*** Begin section ***

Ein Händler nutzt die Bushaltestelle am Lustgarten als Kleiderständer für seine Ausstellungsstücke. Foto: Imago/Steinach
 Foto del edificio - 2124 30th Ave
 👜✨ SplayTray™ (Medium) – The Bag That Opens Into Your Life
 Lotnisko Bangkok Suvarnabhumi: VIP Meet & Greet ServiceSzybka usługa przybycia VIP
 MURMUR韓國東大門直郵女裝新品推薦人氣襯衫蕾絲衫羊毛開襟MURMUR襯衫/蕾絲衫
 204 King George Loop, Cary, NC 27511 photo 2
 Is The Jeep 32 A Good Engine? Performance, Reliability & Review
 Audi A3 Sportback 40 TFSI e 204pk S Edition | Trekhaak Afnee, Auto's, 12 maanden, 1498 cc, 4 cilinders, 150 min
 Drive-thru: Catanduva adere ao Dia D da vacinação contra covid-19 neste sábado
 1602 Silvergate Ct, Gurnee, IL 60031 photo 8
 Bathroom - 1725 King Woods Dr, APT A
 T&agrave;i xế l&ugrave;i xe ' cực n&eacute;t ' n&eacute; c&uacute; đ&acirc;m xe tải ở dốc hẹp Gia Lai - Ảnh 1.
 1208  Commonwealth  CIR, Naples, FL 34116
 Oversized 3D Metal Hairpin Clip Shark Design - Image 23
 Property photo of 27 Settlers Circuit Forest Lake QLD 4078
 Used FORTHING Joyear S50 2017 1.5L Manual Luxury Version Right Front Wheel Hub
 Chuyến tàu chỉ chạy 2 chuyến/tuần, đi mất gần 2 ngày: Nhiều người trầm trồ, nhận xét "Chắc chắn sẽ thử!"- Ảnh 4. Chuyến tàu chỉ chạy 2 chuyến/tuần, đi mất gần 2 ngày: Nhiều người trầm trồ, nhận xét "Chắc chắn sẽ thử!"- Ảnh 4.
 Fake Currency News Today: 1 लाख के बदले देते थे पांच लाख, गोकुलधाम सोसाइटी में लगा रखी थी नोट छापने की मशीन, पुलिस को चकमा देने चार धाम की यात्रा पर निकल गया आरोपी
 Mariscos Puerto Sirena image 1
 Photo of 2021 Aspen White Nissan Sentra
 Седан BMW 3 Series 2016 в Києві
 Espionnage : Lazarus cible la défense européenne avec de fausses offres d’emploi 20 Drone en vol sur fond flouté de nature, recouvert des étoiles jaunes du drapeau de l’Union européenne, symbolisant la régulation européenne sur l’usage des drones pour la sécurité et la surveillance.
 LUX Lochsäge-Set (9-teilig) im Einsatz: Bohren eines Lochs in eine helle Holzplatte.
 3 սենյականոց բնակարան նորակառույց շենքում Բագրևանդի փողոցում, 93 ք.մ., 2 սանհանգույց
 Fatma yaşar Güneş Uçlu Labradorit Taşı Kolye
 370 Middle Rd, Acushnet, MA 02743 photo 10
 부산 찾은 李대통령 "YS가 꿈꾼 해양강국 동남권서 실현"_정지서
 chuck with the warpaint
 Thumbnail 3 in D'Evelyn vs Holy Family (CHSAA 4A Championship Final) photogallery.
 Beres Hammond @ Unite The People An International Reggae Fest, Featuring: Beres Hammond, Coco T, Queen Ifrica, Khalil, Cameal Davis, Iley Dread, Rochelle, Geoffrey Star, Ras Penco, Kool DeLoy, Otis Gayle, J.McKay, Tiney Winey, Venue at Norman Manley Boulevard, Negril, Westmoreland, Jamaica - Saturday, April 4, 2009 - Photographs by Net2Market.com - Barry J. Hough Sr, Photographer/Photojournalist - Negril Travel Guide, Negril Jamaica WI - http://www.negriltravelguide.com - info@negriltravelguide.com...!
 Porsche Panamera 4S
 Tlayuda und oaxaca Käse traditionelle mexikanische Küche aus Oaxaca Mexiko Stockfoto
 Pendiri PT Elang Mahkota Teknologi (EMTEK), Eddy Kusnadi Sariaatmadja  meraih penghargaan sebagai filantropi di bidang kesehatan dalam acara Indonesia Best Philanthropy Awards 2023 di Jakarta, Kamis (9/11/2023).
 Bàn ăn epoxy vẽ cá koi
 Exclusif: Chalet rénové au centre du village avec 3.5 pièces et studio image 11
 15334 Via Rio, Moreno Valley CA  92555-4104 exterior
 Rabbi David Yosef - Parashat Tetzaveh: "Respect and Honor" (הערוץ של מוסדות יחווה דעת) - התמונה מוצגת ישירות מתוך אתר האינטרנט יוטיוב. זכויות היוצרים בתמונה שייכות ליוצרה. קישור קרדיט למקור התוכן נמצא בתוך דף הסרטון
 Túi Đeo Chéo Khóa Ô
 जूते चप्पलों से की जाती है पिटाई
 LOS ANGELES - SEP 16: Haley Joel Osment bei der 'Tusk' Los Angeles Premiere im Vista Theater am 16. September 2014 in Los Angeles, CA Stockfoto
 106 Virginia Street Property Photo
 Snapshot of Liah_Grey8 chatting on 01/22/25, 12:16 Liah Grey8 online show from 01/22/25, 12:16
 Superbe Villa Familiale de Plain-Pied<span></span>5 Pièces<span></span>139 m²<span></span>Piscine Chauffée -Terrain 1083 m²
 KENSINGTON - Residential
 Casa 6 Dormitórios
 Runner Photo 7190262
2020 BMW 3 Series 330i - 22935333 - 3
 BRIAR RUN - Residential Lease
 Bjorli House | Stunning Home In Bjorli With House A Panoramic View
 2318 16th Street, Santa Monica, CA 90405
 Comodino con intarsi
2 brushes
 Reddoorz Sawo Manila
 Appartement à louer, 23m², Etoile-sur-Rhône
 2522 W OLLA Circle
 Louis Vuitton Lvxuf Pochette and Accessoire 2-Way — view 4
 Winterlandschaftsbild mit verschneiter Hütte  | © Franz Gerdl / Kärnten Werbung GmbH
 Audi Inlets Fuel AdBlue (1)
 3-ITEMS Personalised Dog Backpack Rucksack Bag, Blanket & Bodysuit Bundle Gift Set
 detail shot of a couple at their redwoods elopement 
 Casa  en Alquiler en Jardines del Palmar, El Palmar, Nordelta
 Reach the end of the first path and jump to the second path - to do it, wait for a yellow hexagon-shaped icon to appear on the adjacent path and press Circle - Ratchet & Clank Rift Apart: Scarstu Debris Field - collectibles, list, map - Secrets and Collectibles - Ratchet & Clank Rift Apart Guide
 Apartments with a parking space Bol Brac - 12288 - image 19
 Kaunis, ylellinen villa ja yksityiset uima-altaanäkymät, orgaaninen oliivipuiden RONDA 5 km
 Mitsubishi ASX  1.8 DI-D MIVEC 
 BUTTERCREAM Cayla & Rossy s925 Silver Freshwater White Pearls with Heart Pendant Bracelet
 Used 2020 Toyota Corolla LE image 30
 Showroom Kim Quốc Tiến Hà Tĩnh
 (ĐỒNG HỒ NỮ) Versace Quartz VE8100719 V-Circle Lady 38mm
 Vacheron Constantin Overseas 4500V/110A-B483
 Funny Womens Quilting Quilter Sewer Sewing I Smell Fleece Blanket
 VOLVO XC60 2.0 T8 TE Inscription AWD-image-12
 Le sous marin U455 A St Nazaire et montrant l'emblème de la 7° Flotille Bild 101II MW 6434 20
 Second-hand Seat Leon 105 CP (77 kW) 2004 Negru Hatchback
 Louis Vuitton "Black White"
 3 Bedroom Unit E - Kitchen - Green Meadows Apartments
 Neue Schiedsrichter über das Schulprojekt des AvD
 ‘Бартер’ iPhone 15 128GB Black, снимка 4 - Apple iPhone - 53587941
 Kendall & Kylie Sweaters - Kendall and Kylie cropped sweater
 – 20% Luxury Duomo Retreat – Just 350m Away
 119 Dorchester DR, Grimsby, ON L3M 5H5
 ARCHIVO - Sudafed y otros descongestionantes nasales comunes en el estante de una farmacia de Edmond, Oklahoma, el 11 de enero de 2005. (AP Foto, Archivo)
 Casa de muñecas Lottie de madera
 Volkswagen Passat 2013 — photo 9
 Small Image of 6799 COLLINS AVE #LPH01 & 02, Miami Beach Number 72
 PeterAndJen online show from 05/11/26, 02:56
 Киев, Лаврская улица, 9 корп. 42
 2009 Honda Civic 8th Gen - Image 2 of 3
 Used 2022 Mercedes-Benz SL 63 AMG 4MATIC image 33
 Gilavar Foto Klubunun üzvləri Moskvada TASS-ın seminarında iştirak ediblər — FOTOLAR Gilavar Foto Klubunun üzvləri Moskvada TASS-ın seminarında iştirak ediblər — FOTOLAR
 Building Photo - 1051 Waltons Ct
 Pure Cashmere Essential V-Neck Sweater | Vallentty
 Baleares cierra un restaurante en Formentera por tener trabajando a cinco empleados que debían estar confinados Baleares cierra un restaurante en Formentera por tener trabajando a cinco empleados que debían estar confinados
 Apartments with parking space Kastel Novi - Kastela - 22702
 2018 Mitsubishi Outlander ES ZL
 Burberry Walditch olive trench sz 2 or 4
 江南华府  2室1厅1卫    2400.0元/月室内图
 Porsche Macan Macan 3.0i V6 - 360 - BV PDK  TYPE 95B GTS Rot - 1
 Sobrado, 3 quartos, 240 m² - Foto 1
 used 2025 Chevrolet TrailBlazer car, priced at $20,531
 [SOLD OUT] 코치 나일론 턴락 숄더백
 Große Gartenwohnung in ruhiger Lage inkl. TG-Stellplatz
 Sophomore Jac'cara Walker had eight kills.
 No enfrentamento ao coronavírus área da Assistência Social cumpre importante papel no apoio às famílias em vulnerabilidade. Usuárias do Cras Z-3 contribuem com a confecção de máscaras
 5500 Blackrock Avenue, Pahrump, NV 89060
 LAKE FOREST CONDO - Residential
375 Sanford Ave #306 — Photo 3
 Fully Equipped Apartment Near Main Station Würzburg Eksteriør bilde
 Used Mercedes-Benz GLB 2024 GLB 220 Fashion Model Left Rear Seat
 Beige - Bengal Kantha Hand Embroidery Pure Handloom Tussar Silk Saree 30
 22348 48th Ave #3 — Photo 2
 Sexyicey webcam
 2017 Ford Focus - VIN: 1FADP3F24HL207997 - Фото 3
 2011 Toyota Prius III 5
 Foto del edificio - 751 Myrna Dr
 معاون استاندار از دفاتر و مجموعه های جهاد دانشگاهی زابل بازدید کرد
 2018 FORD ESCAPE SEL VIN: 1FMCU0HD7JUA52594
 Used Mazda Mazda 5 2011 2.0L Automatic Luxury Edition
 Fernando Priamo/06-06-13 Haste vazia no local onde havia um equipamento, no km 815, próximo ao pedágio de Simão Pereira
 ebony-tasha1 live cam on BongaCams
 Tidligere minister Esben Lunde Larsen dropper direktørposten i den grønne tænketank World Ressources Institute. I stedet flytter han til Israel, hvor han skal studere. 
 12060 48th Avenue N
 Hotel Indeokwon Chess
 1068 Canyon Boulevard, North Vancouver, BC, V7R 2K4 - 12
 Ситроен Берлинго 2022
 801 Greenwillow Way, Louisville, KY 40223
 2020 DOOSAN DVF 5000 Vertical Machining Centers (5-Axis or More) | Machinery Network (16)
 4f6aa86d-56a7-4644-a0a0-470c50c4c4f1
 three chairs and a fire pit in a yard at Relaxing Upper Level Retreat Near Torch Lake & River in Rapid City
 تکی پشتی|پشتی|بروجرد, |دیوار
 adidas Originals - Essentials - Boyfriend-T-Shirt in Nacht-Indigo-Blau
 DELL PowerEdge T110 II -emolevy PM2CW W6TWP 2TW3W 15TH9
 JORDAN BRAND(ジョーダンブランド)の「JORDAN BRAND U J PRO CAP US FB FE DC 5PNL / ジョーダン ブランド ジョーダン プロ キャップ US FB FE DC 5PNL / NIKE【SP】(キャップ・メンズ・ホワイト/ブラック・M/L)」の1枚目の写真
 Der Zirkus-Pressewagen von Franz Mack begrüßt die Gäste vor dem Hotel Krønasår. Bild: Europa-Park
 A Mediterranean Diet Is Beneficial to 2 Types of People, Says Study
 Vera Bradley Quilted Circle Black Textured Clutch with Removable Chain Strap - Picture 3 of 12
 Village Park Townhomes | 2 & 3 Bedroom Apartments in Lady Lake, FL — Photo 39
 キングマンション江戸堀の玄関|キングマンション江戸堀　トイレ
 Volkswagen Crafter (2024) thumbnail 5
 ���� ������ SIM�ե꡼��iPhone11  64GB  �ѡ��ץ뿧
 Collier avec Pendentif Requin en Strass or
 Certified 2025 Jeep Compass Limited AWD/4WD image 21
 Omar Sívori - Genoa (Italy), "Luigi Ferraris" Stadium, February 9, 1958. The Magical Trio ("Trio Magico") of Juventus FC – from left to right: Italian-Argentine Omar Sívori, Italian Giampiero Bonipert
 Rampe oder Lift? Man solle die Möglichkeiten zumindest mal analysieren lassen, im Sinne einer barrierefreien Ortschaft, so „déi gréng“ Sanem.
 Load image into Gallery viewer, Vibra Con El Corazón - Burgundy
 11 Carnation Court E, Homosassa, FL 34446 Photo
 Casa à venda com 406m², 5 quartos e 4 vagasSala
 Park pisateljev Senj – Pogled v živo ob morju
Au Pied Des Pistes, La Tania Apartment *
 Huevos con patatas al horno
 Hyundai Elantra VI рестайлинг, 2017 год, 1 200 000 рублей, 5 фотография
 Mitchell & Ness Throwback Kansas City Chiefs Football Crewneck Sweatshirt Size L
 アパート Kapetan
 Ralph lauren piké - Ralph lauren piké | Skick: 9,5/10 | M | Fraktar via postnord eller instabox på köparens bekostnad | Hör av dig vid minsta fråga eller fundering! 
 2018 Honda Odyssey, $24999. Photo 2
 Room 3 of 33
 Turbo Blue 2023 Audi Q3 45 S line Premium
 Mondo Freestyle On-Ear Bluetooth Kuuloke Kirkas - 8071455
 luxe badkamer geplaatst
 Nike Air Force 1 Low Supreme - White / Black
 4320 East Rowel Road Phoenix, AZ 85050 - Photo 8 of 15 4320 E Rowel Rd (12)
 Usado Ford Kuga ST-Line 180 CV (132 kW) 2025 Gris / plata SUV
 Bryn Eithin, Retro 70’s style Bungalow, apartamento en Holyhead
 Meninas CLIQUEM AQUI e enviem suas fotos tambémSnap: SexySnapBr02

*** End section ***

WHAT IS EXPECTED
Wherever the string "Volkswagen" appears in a line above, copy that line.

WRITTEN SOLUTION
 Volkswagen Passat 2013 — photo 9
 Volkswagen Crafter (2024) thumbnail 5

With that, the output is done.